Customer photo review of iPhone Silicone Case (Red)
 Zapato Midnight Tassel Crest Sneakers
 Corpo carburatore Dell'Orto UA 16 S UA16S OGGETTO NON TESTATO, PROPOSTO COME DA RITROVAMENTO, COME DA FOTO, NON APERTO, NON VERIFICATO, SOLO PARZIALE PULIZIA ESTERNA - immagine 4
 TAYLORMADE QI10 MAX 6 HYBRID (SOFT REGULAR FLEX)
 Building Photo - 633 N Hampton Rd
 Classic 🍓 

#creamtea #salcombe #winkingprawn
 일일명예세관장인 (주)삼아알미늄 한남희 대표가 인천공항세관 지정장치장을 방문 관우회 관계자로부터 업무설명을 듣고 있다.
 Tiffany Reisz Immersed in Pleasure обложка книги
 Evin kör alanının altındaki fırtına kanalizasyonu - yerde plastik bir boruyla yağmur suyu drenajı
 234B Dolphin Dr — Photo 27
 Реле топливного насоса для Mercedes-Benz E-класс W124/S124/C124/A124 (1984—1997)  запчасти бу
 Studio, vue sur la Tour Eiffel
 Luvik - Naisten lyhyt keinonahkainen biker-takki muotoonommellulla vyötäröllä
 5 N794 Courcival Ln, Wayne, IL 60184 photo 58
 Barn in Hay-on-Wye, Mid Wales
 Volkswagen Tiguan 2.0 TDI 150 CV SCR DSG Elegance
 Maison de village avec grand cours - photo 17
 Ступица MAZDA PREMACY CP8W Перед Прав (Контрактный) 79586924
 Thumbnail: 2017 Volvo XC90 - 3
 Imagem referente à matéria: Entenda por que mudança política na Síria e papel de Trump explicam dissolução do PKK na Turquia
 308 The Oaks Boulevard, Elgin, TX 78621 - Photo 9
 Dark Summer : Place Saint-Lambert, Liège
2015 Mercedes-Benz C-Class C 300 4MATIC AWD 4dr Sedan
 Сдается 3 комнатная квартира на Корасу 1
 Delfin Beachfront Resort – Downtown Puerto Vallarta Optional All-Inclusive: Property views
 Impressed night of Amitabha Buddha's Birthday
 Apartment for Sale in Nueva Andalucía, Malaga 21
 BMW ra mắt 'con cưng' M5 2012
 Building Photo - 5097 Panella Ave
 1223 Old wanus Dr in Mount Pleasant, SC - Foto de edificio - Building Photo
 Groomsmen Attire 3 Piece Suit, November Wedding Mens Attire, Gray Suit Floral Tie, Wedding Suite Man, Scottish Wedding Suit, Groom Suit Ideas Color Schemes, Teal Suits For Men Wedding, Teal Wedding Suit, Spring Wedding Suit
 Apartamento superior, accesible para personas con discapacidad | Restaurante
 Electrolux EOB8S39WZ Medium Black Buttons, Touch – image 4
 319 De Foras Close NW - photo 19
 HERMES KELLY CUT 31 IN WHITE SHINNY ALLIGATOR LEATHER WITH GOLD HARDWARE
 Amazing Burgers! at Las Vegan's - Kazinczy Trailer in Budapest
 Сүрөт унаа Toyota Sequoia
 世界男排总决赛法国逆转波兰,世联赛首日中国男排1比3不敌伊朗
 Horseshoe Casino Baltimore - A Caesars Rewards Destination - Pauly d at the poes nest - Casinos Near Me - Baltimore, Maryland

====================

§ **Required work**
Each record above needs to be transcribed word for word.

§ **Task solution**
Customer photo review of iPhone Silicone Case (Red)
 Zapato Midnight Tassel Crest Sneakers
 Corpo carburatore Dell'Orto UA 16 S UA16S OGGETTO NON TESTATO, PROPOSTO COME DA RITROVAMENTO, COME DA FOTO, NON APERTO, NON VERIFICATO, SOLO PARZIALE PULIZIA ESTERNA - immagine 4
 TAYLORMADE QI10 MAX 6 HYBRID (SOFT REGULAR FLEX)
 Building Photo - 633 N Hampton Rd
 Classic 🍓 

#creamtea #salcombe #winkingprawn
 일일명예세관장인 (주)삼아알미늄 한남희 대표가 인천공항세관 지정장치장을 방문 관우회 관계자로부터 업무설명을 듣고 있다.
 Tiffany Reisz Immersed in Pleasure обложка книги
 Evin kör alanının altındaki fırtına kanalizasyonu - yerde plastik bir boruyla yağmur suyu drenajı
 234B Dolphin Dr — Photo 27
 Реле топливного насоса для Mercedes-Benz E-класс W124/S124/C124/A124 (1984—1997)  запчасти бу
 Studio, vue sur la Tour Eiffel
 Luvik - Naisten lyhyt keinonahkainen biker-takki muotoonommellulla vyötäröllä
 5 N794 Courcival Ln, Wayne, IL 60184 photo 58
 Barn in Hay-on-Wye, Mid Wales
 Volkswagen Tiguan 2.0 TDI 150 CV SCR DSG Elegance
 Maison de village avec grand cours - photo 17
 Ступица MAZDA PREMACY CP8W Перед Прав (Контрактный) 79586924
 Thumbnail: 2017 Volvo XC90 - 3
 Imagem referente à matéria: Entenda por que mudança política na Síria e papel de Trump explicam dissolução do PKK na Turquia
 308 The Oaks Boulevard, Elgin, TX 78621 - Photo 9
 Dark Summer : Place Saint-Lambert, Liège
2015 Mercedes-Benz C-Class C 300 4MATIC AWD 4dr Sedan
 Сдается 3 комнатная квартира на Корасу 1
 Delfin Beachfront Resort – Downtown Puerto Vallarta Optional All-Inclusive: Property views
 Impressed night of Amitabha Buddha's Birthday
 Apartment for Sale in Nueva Andalucía, Malaga 21
 BMW ra mắt 'con cưng' M5 2012
 Building Photo - 5097 Panella Ave
 1223 Old wanus Dr in Mount Pleasant, SC - Foto de edificio - Building Photo
 Groomsmen Attire 3 Piece Suit, November Wedding Mens Attire, Gray Suit Floral Tie, Wedding Suite Man, Scottish Wedding Suit, Groom Suit Ideas Color Schemes, Teal Suits For Men Wedding, Teal Wedding Suit, Spring Wedding Suit
 Apartamento superior, accesible para personas con discapacidad | Restaurante
 Electrolux EOB8S39WZ Medium Black Buttons, Touch – image 4
 319 De Foras Close NW - photo 19
 HERMES KELLY CUT 31 IN WHITE SHINNY ALLIGATOR LEATHER WITH GOLD HARDWARE
 Amazing Burgers! at Las Vegan's - Kazinczy Trailer in Budapest
 Сүрөт унаа Toyota Sequoia
 世界男排总决赛法国逆转波兰,世联赛首日中国男排1比3不敌伊朗
 Horseshoe Casino Baltimore - A Caesars Rewards Destination - Pauly d at the poes nest - Casinos Near Me - Baltimore, Maryland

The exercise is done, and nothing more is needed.